* **Goal of the exercise**
From the material below, return exactly the lines starting at the one that holds "Amy Fashion - O-Neck" and ending at the one that holds "Masha And Bear Printed Cake in dubai". Pictures stay out of the answer.

* **Entries supplied**
▬▬▬▬▬▬

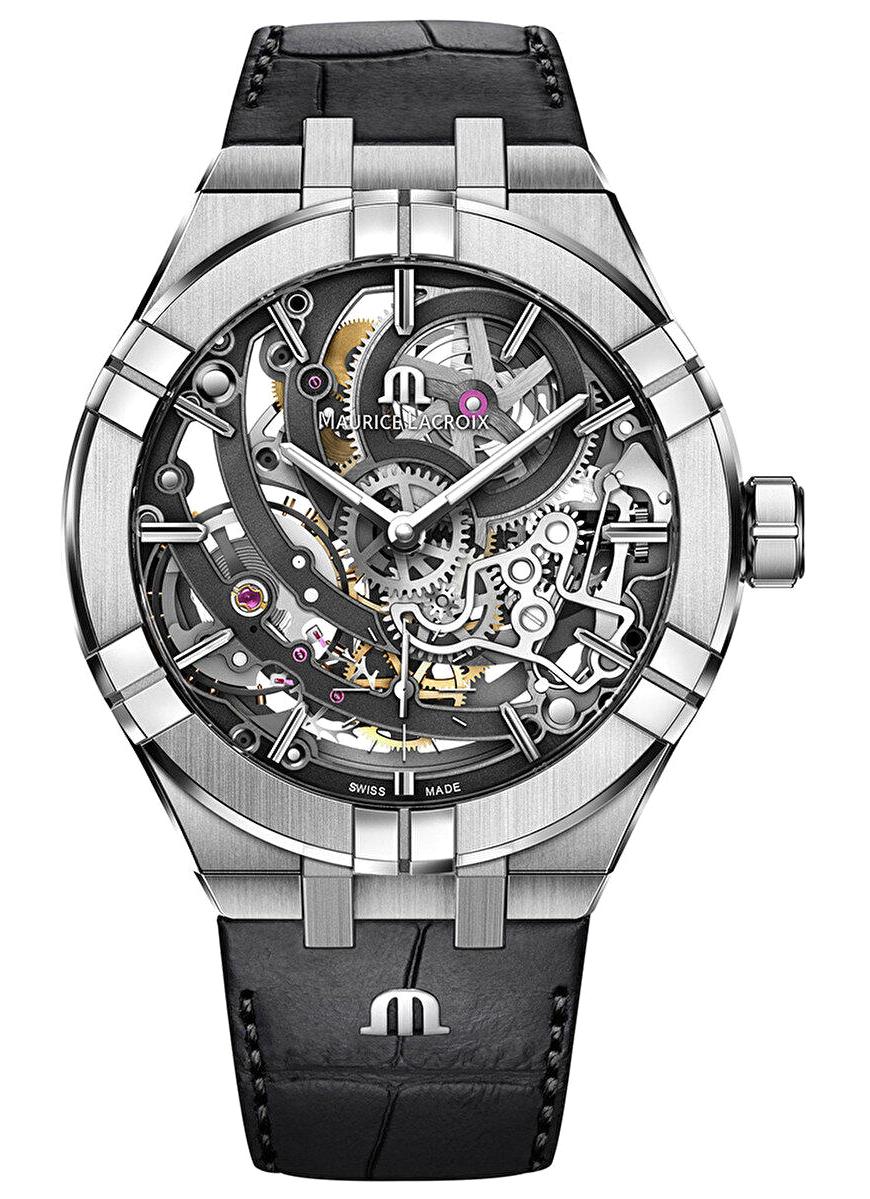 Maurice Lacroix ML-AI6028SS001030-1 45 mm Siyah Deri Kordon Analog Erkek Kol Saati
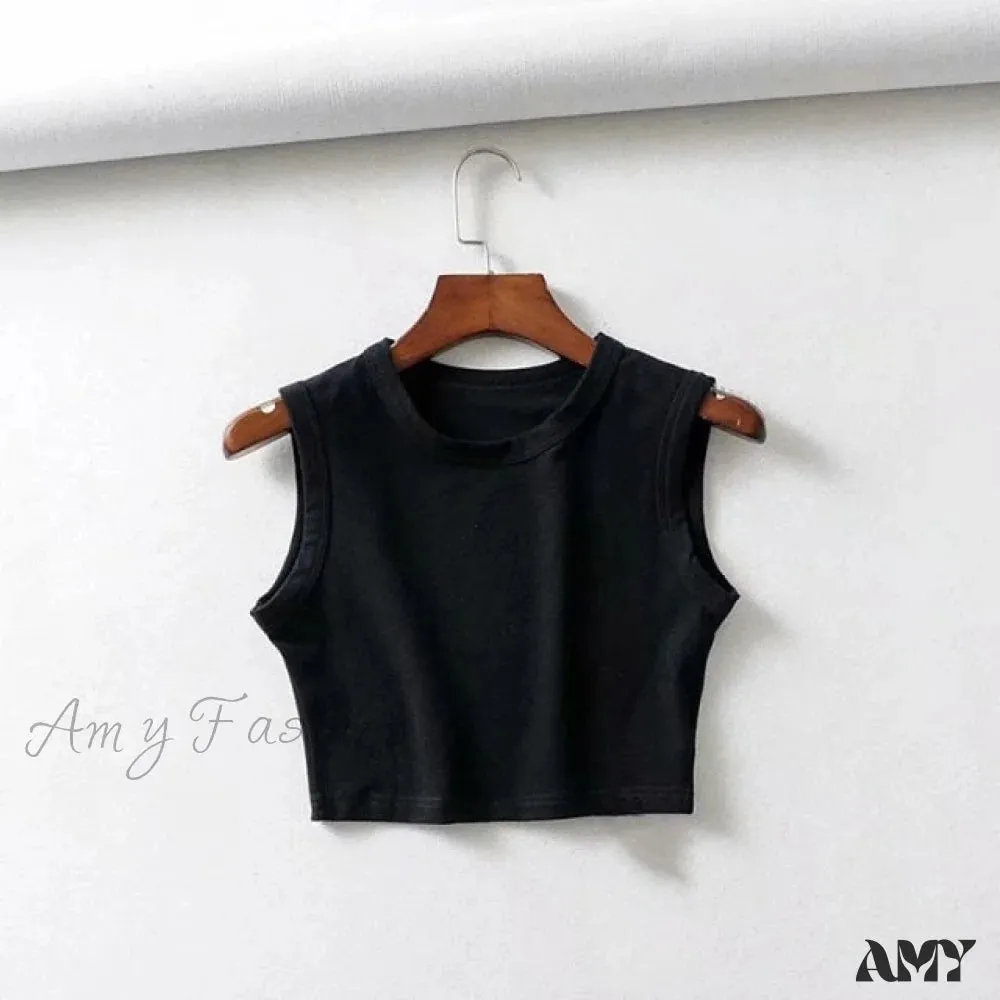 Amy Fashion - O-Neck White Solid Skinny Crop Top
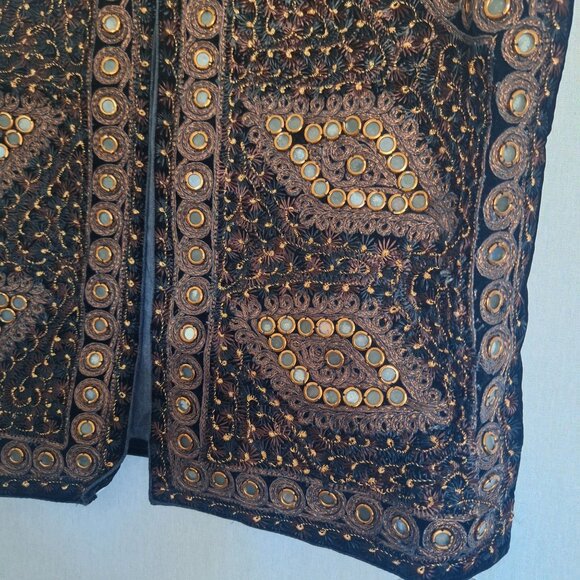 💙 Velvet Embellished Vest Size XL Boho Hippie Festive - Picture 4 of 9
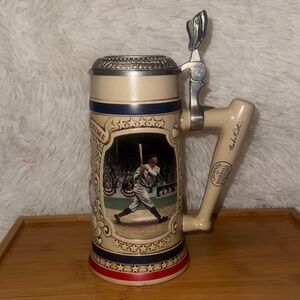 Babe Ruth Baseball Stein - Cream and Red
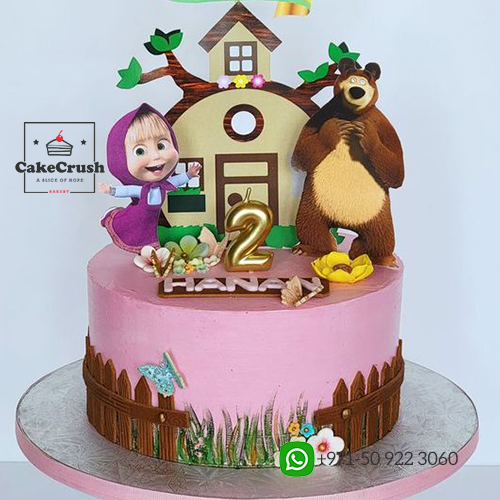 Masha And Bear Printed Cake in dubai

▬▬▬▬▬▬

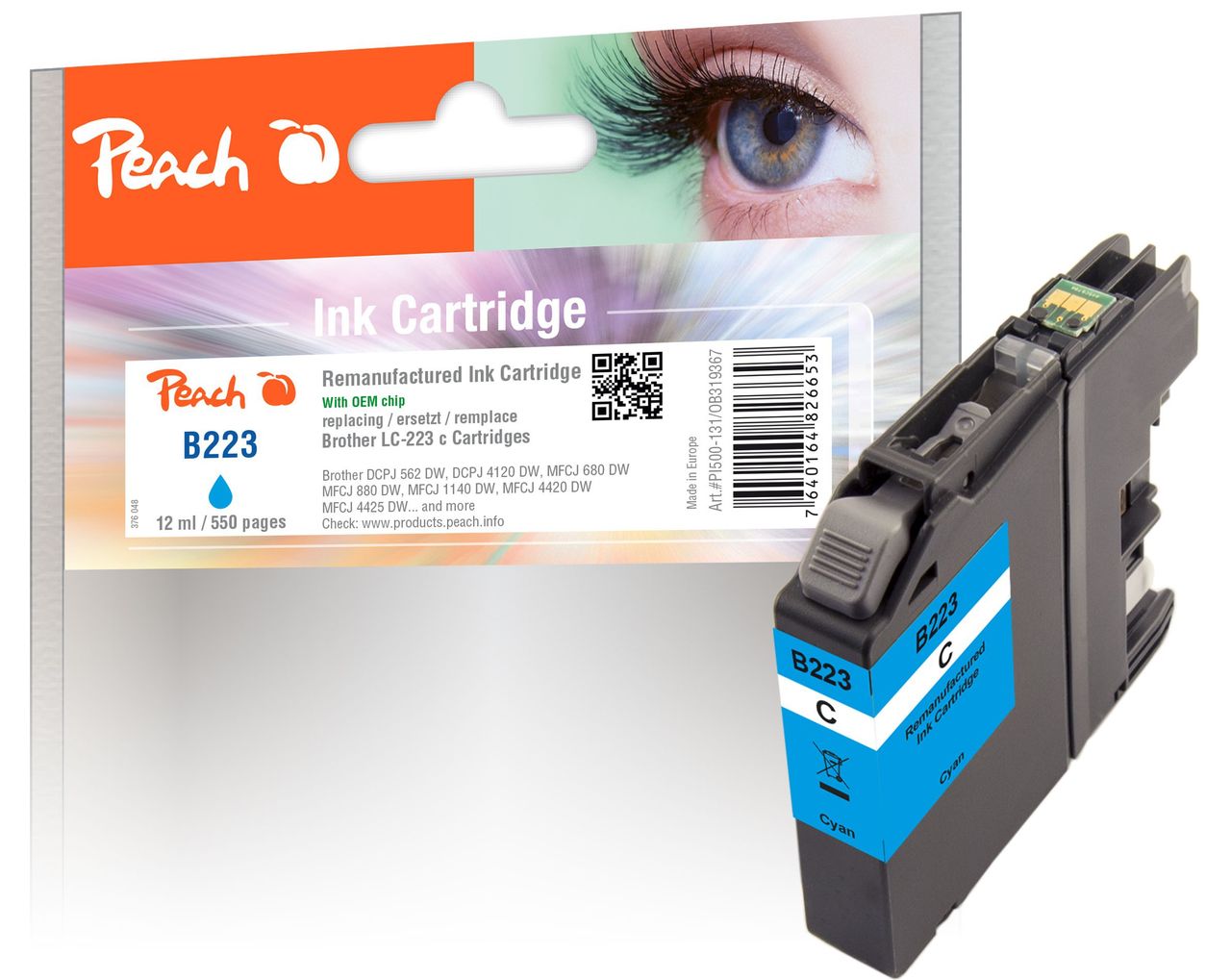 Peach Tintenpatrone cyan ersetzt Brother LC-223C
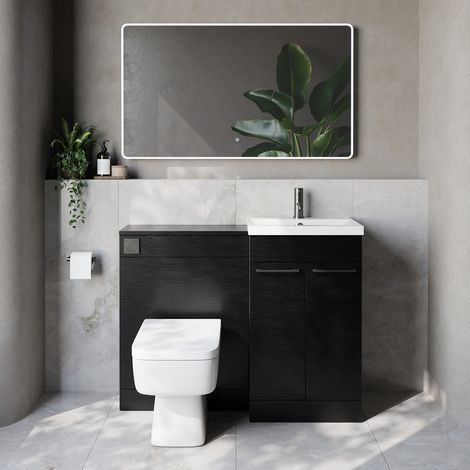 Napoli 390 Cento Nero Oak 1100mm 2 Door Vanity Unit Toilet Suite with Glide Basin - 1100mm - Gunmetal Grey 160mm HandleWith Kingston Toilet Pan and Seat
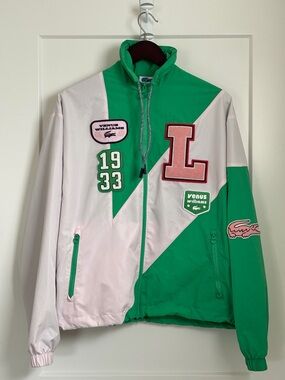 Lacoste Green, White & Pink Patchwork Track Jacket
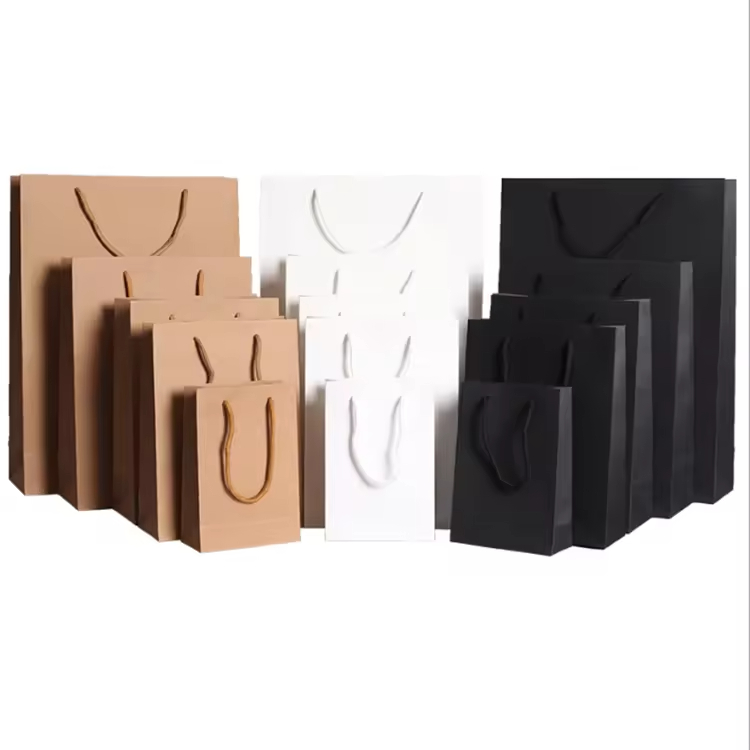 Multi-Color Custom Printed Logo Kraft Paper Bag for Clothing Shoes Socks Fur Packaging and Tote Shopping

▬▬▬▬▬▬

* **Solution**
 Amy Fashion - O-Neck White Solid Skinny Crop Top
 💙 Velvet Embellished Vest Size XL Boho Hippie Festive - Picture 4 of 9
 Babe Ruth Baseball Stein - Cream and Red
 Masha And Bear Printed Cake in dubai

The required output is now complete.